My big questions remain: What motivates people to become more careful and critical observers of self? What motivates people to reflect on and correct problematic behaviors?
I often express the wish for others to be and become more reflective. I want that for myself, too. I want to be a better listener, negotiator, coach. And I want others to join me in these pursuits. But it seems harder to do if you are holding onto a sense of entitlement that blinds you to the need for more than surface reflection. Entitlement will always prefer comfort and ease. Deep, consequential reflection promises the opposite. It’s no surprise that more of the privileged and seriously entitled are not jumping on the bandwagon of reflective discomfort.
I’m thinking about my friend and her situation and how it’s part of a larger pattern of power relations stories being told the world over: folks in power feeling threatened by those laboring under them expressing dissatisfaction with their working conditions. Instead of asking, “what can we do to better meet your needs?” power holders seem more likely to embrace defensiveness and denial. When do power holders recognize the need to do things differently?
Usually crisis. Something needs to seriously break down, go awry, come to an irreversible head. Reflection becomes a survival necessity. Change is made. Not always dramatically better but often in the direction of improvement.
How can I help people see this process more clearly? What can I do to increase the likelihood that those who hold power will develop eyes, ears and speech for equity?

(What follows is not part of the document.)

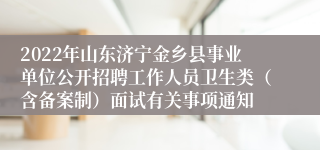 2022年山东济宁金乡县事业单位公开招聘工作人员卫生类（含备案制）面试有关事项通知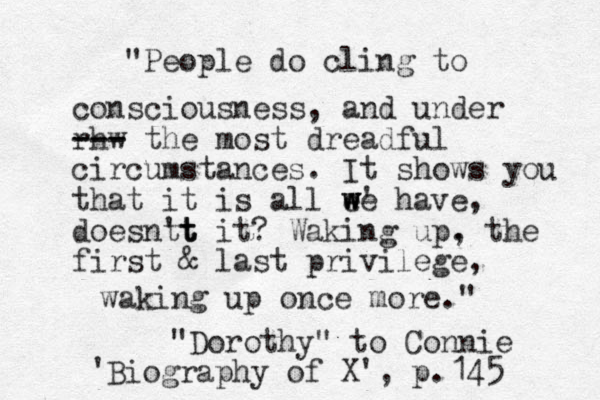 "People do cling to consciousness, and under rhw --- --- the most dreadful circumstances . It shows you that it is all ee have , ' w w w doesnt 't t t it? Waking up. , the first & last privilege, waking up once more." "Dorothy" to Connie Biography of X' , p.145 '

I’m scratching my head over this one. In the meantime, I’ll be listening to my friend, offering support where I can and continue to mull over the questions that need big and generous answers.

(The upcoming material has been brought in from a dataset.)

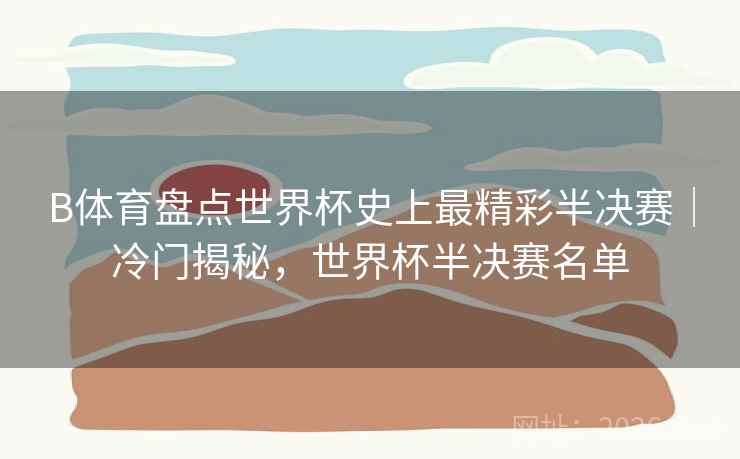 B体育盘点世界杯史上最精彩半决赛｜冷门揭秘，世界杯半决赛名单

2 thoughts on “Interrupting Sense of Entitlement”
You’re asking some questions I’m struggling with a lot these days. I am looking for ways to create safe spaces in school environments for staff to feel like they can reflect beyond the surface, they can ask (and answer challenging questions), they can feel supported as they fail forward in learning about our own privilege and bias.

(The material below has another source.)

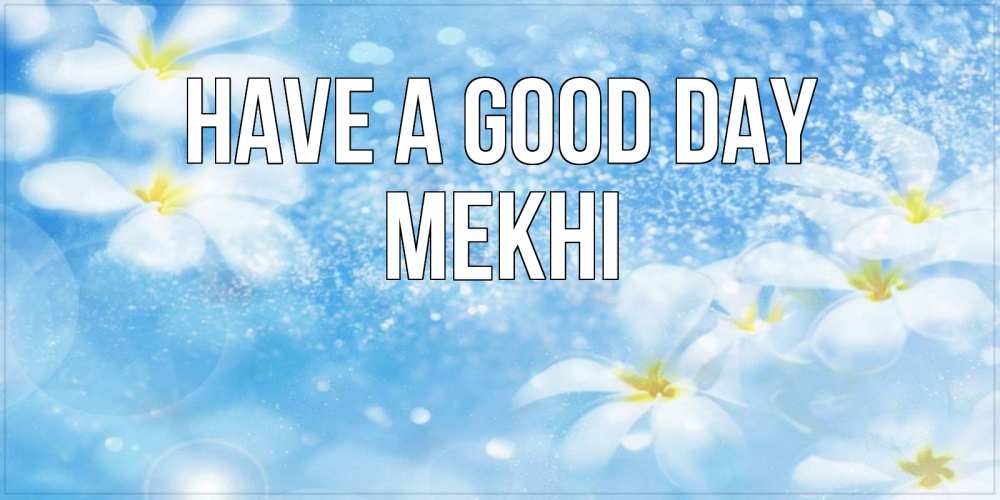 Greetings card с именем, Mekhi Have a good day прекрасное настроение Greetings with text for free download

I’m glad to hear I’m not alone in my wonderings, Lisa. I do believe there’s a lot we can do in our contexts given time, a shared sense of need and the right conversation structures. And I also recognize that there are so many systemic barriers to creating those conditions that each initiative can feel drained before it even gets moving. I hope that progress on a small scale allows you and your group to achieve greater movement on a larger scale over time.